Skenario pertama, auditor membawa draft temuan hasil audit yang menurut auditor bisa berujung pada opini bukan WTP. Pemda kuatir kalau tidak WTP. Maka diminta agar opini tetap WTP dan auditor setuju.
Kedua, suap bentuk lain yang lebih elegan. Pada proses sampling auditor dan pemda sudah paham proyek-proyek yang biasanya bermasalah dan pasti jadi temuan audit. Jadi sampling 'diatur' bersama auditor agar jangan kesana. Tentu dengan imbalan tertentu ke auditor. Biasanya pihak kontraktor diminta dana agar tidak kena sampling proyek yang dikerjakannya. Jadi mulus semua karena sampling tidak menunjukkan temuan/masalah. Ujungnya tentu WTP dan auditor menerima suap.
Ketiga, temuan audit sebenarnya tidak cukup materil untuk bisa merubah opini audit. Tapi auditor berniat 'nakal'. Berusaha mendramatisasi temuanya dan mengancam akan berujung pada opini. Pemda tentu tidak punya kuasa untuk protes atau merubahnya. Paling maksimum hanya menuliskan paragraph keberatan dari pihak pemda sebagai yang diperiksa. Ketika auditor minta imbalan agar temuannya lebih 'lunak' dan pemda melayaninya maka terjadilah kesepakatan suap.
Temuan audit ini bisa dilihat oleh auditor sebagai materil, tapi oleh auditor lain bisa dilihat tidak materil.

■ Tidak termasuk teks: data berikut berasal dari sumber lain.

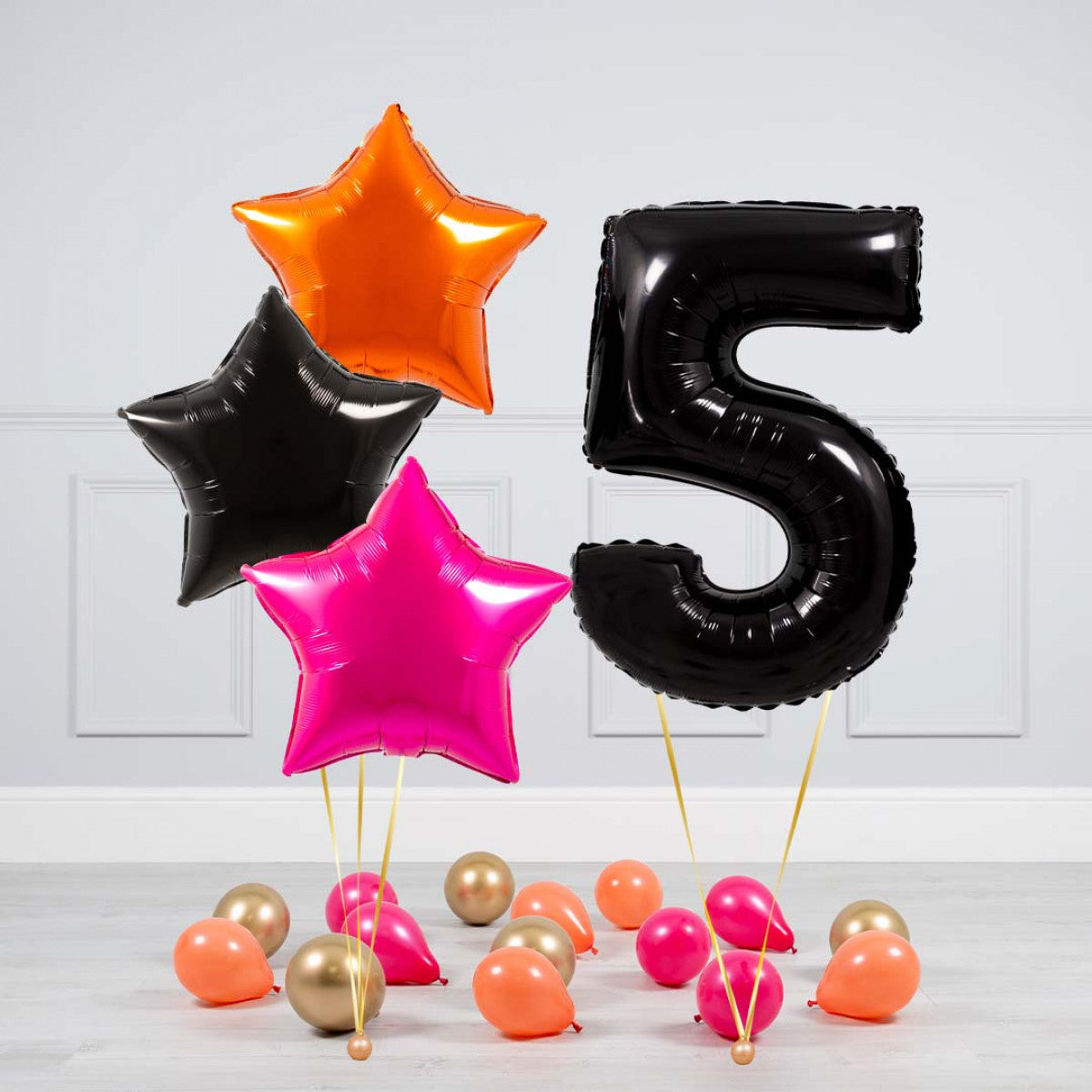 Helium Black Single Number Set Balloon - Orange, Black and Pink Star with Mini Balloons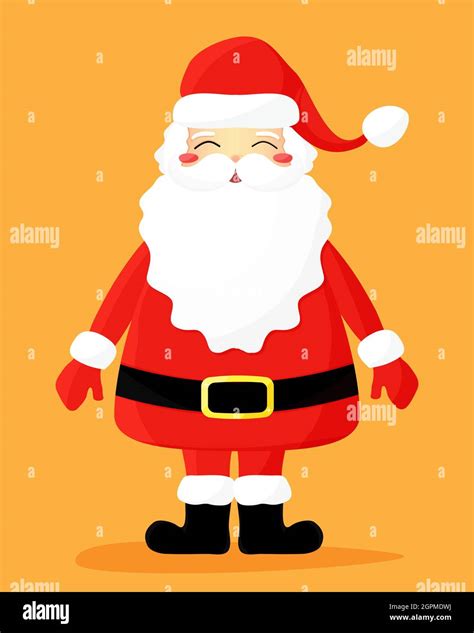 Christmas character Santa Claus standing and smiling with eyes closed. Vector illustration flat ...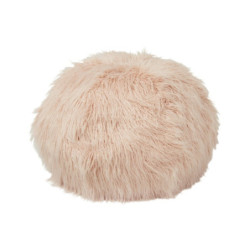 Růžový chlupatý pouf  Yetty - Ø 55*55 cm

Karena auditor selalu menggunakan yang disebut professional judgment nya. Jadi auditor nakal bisa memanfaatkan judgementnya sebagai alasan untuk mengatakan temuannya materil.
Dari kasus 2 kejadian beruntun di Bekasi dan Bogor, oknum auditor BPK diduga 'memperdagangkan' opini hasil audit dengan imbalan uang. Tinggal didalami saja, apakah memang temuan yang digunakan untuk mengancam opini benar temuan yang materil. Atau justru terjadi penyimpangan keuangan yang materil di pemda dan ditemukan oleh auditor BPK. Pihak pemda berusaha agar temuan tadi tidak diungkap dalam laporan audit dan tidak berujung pada perubahan opini. Dengan imbalan uang tentunya.